Starting with the line below that holds "2014 Ford Fusion Se..." and stopping after the line that holds "aeronautica militare Classic T-Shirt", transcribe the lines exactly, leaving out all pictures.

Input for this task:
◆ ◆ ◆ ◆ ◆

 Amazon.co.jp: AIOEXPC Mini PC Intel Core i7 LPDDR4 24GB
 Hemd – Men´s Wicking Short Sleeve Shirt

◆ ◆ ◆ ◆ ◆

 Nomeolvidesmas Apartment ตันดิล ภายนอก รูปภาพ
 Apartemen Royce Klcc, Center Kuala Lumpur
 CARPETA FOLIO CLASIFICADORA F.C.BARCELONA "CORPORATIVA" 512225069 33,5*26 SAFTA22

◆ ◆ ◆ ◆ ◆

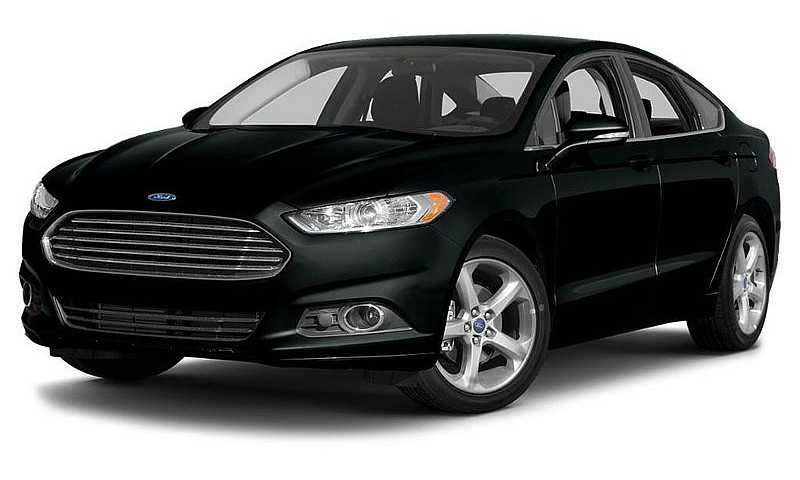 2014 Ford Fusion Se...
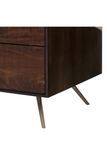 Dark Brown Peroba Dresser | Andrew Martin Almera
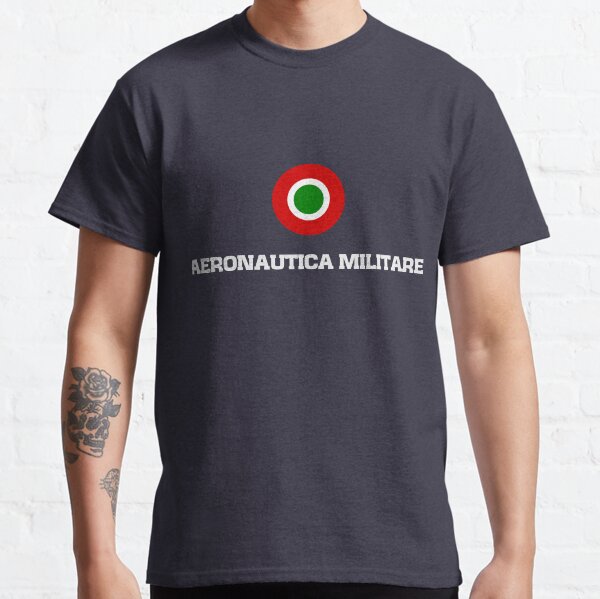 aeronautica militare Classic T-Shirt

◆ ◆ ◆ ◆ ◆

Exercise answer:
 2014 Ford Fusion Se...
 Dark Brown Peroba Dresser | Andrew Martin Almera
 aeronautica militare Classic T-Shirt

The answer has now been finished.